Existen, sin embargo, como quería Keats, pequeñas felicidades que son
singulares y eternas. Existen versos que podrían ser admirables tanto si fueran escritos
esta mañana como si lo fueran en la antigüedad.
(Prólogo de Borges para sus obras completas en francés en Gallimard, 1986,
retraducido al castellano por Miguel Blumembach)
Así piensa Borges el pasado, en imperfecto y subjuntivo, no como lo que fue o lo que pudo haber sido, sino como lo que aún está por ser. No sólo nuestros versos y argumentos, los escritos y los que están por escribir, han sido ya imaginados por otros en otros tiempos, y serán sin duda escritos mil y una veces en otros tantos inciertos futuros, sino que, en justa correspondencia, nos necesitan, y es nuestra presencia actual, nuestra voz, lo que sostiene el pasado de la humanidad toda, la corriente amplísima y abierta de la cultura que fuera. No sólo un soñante mítico nos imaginó, y acaso seamos su sueño, sino que el sueño es una puerta con dos caras o caminos, sin que haya razón para pensar que una es la dueña soñante de la otra. Como en los precursores de Kafka, basta lo dicho por un hombre para que toda la historia de la humanidad sea reescrita, una y otra vez, en infinitas variaciones que, por un lado, nos hurtan el protagonismo de la autoría, soberbia y vana, que es la seguridad óntica del sujeto vivo, y, por otro, nos traen a la vida imaginada que sólo sucede en el mar sin hollar de la cultura, donde cada símbolo resume a todos los demás, y así queda en ellos resumido.
Uno de los Borges de los que hay noticia murió en Ginebra, hoy hace treinta años, pero ya había muerto muchas veces antes. Otros, no. Imagino con cierto orgullo que debería avergonzarme que uno de ellos fuera yo, pues también yo soy el hombre que debe pensar de nuevo todos los versos y argumentos. Todas las estrellas del firmamento, que quisiera caldeo o babilonio, como mi nombre, asistieron a mi nacimiento.
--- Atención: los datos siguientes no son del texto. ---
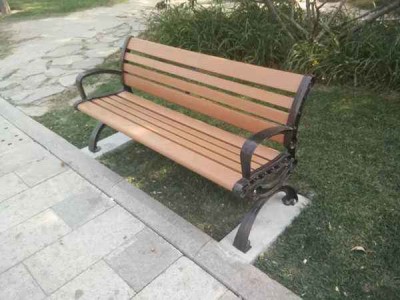 中卫景观长椅厂家-西安实用的中卫公园椅子,认准志诚塑木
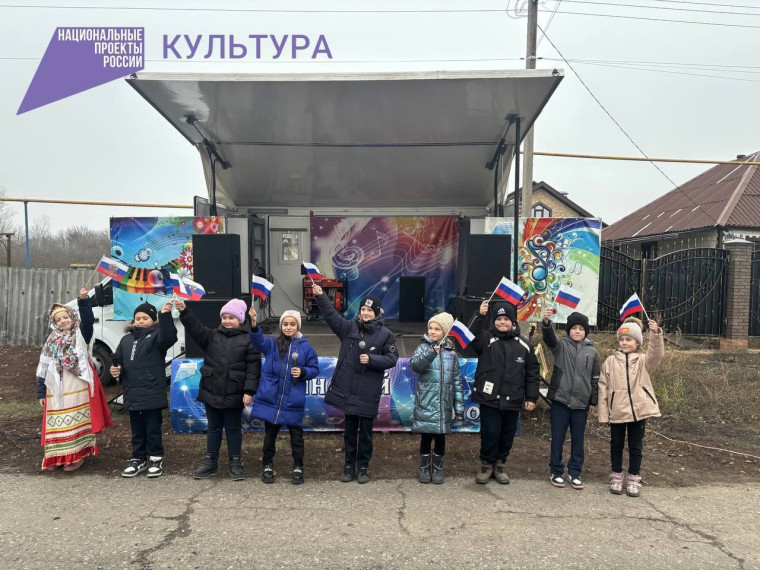 Автоклуб продолжает гастролировать по Ракитянскому району. Автоклуб продолжает гастролировать по Ракитянскому району.
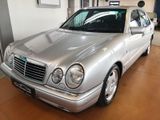 Mercedes-Benz E 240/ 1 Hd/ Rentner/Sammlerzustand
Todas las miradas de todos los hombres del mundo están fijas en mí, sin que ellos o yo necesitemos pensarlo. Toda la magna historia del símbolo llega hasta esta página que habla sus palabras y dice lo que ellos nos dieron que pensar. Morir es algo que nos sucede de continuo, algo que nos sucede desde siempre y algo que seguirá sucediéndonos hasta que el último hombre expire, sin que importe cuál sea la última palabra, que todas acabarán en él, dichas de una sola vez, en síntesis mágica que bien pudiéramos imaginar ahora, pues todas se encontrarán allí para no ser nunca más repetidas.
Sólo existe lo que es repetido, y así existiremos aún no sólo en las palabras y sus hombres, sino mientras el polvo diminuto y cansado del planeta siga su marcha, ya sea convertido en desierto indeterminado y múltiple, o en roca concreta y dura.
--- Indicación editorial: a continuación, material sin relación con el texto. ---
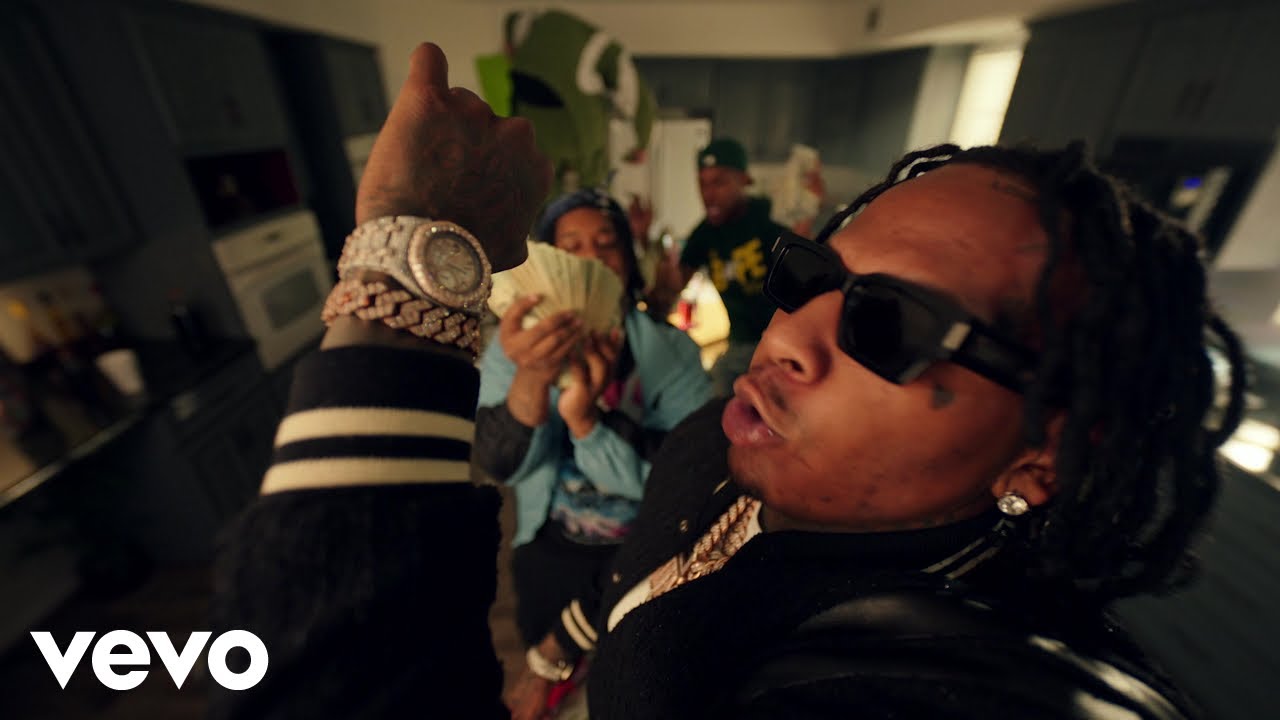 Moneybagg Yo – F My BM (Official Music Video)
Morir no es nada nuevo. Tampoco imaginarse polvo, irrelevante y sin número, hijos míticos del tiempo de la cerámica, cuando los ancestros que aún somos pensaron un dios con las manos metidas en el barro dando forma a una pareja en semejanza suya.
Hoy, que supe la noticia de una muerte, la cual lloro, me he sentido morir un poco y me siento seguir viviendo, sin que esto importe nada a la palabra, que es donde habita la magia y el sueño del que aún despertaremos tantas veces antes del final adivinado.